The standard resolution is around 0.2mm (or 200 microns) for most printers. However you can go as high as 0.4mm (400 microns) or down to 0.05mm (50 microns). Some printers even allow down to 20 microns or smaller but they are often very expensive to buy or print with. So basically lower number = better quality. Higher number = poorer quality but cheaper.
Flaws in FDM/FFF printers (the most common type) are overhangs. If there is a step overhang of around 65 degrees in your model it may need removable support material added to it, most hubs will do this for you. Also the product can’t be too small (less than 1cm^3) as it probably won’t print properly.
On the other hand resin printers can print small and complex but are expensive and require the product to be cleaned up. (I don’t know too much about this process sorry)
Hope this helps.
Indeed, like George said, the most reliable measure of print quality is considered to be the layer height. It basically reduces the visibility of the fact that the object is 3D printed. Sometimes people appreciate the curves in the print as an artistic feature though.

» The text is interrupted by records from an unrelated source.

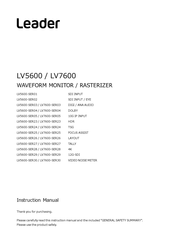 Leader LV5600-SER05 Instruction Manual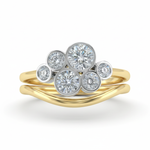 Unique Vintage Round Lab Grown Diamond Bubble Scatter Ring | Diamond Asymmetrical Conflict Free Diamond Bridal Set | Solid Gold Two Tone Ring Forever For Love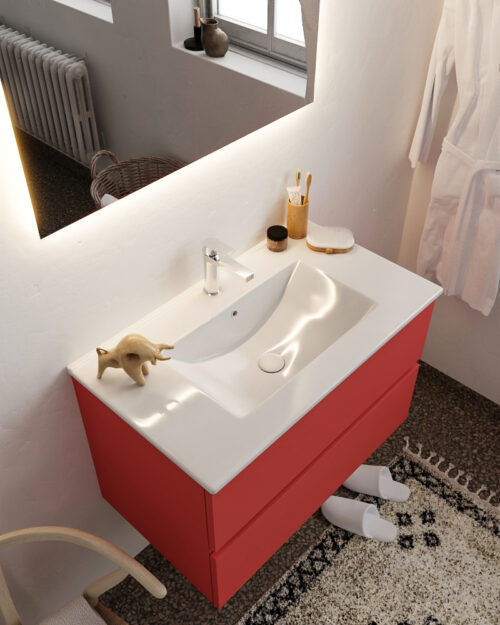 MONDIAZ VICA 80cm mueble de baño Fire 2 cajones lavabo DENIA Centro 1 orificio.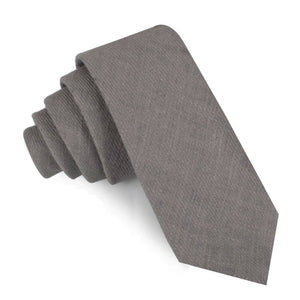 Stone Grey Portobello Slub Linen Skinny Tie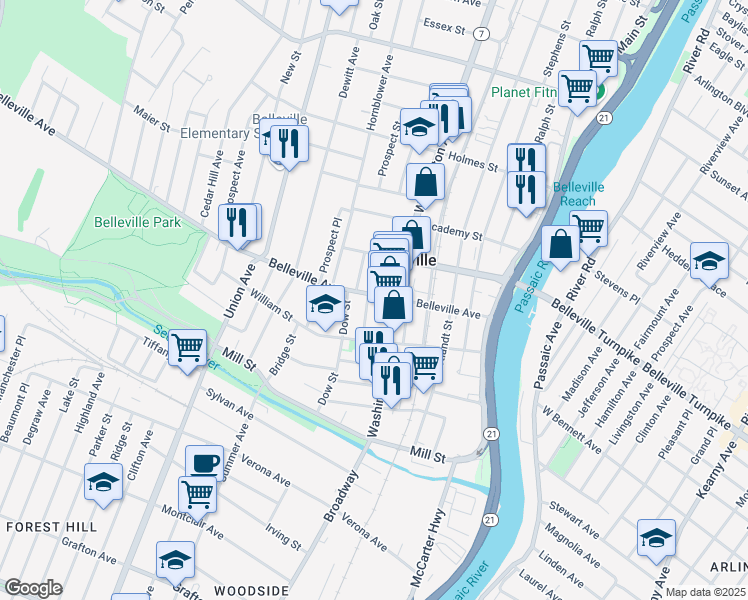 map of restaurants, bars, coffee shops, grocery stores, and more near 106 Belleville Avenue in Belleville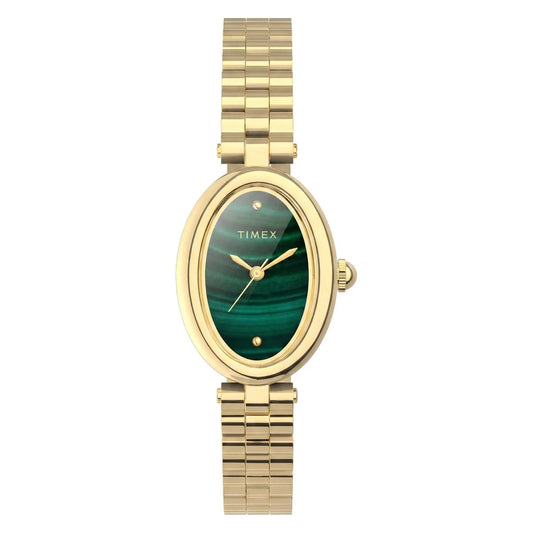 Timex Cavatina Oval Green Dial Analog Women's Watch - TW2Y86100UJ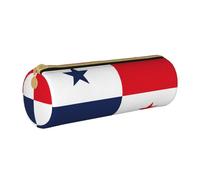 BKDODKS Panama Flag Print Leather Pencil Case for Adults Unisex Zipper Lightweight White One Size, White, Taglia Unica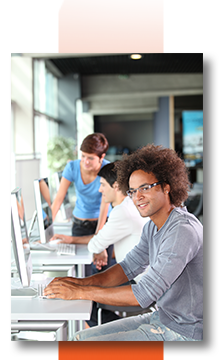 Students at computers doing research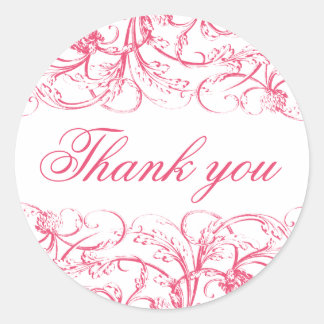 Elegante vintage rococo krullen bedankt sticker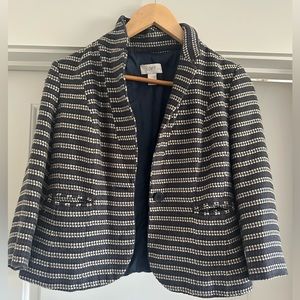 Loft Petite Blue and Beige Stripe 3/4 Sleeve Blazer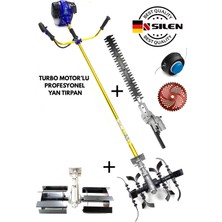 Silen Turbo Motorlu Benzinli Yan Tırpan + Çift Toprak Çapalama + Çit Budama Aparatı 6,8 Hp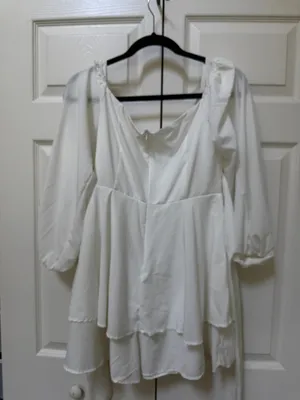 White Puff Sleeve Cutout Tie-Back Ruffle Mini Dress Small thumbnail 2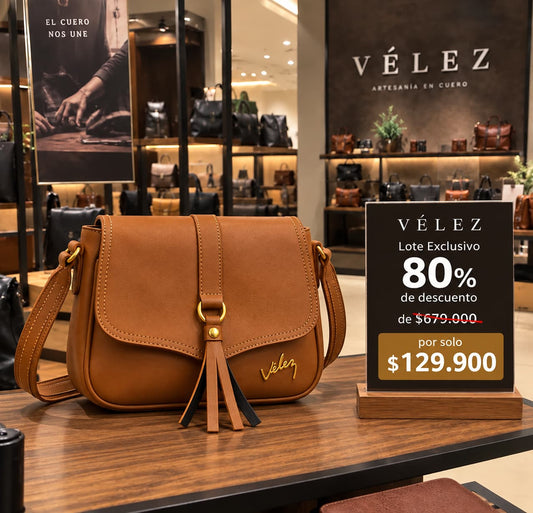 Bolso Carriel Vélez Siena de Cuero Premium – Lote Exclusivo con 80% de Descuento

However, the true difficulty in this layer by layer desktop manufacturing is when you have to lay the layer “in the air” , but the support structures seem to be solving that issue quite well.
What else would you like to know?
Cheers
I completely agree with the comments given by Arnoldas and georgh1ll, although I would like to add that your metric for print quality is also highly defined by what your goal is. If you want to make a model that looks good, layer height, bridging and material quality are important (like the others indicated). However if you are concerned about the mechanical qualities of your print this is different.
The variables that influence the mechanical properties of your print significantly are (in no particular order):
- print orientation
- material choice
- print temperature (influencing bonding between layers)
- color choice (e.g. blue is a more directional color than white, so blue will be stronger in one direction but weaker in another)
- print geometry (things like overall size, wall thickness, infill etc.)
You should note that the second point is not as straightforward as choosing the material with the greatest tensile strength. Although a product produced with injection moulding would be stronger made of ABS than PLA - with current printers PLA products are often stronger because this material is better suited for printing, resulting in a stronger bond between layers.
Analysing designs with FEM will only get you so far. Printed products behave like a composite material, not like injection molded products. What’s more, they are very ‘unreliable’ composite products since something small like opening a window during a print can already greatly influence your print’s mechanical qualities.
If you’re interested in this topic I highly recommend you read up on some of the research that has been done. I know there’s a handful of phd/master students working testing the mechanical qualities of 3D printed products - it is definitely an interesting topic to keep an eye out for!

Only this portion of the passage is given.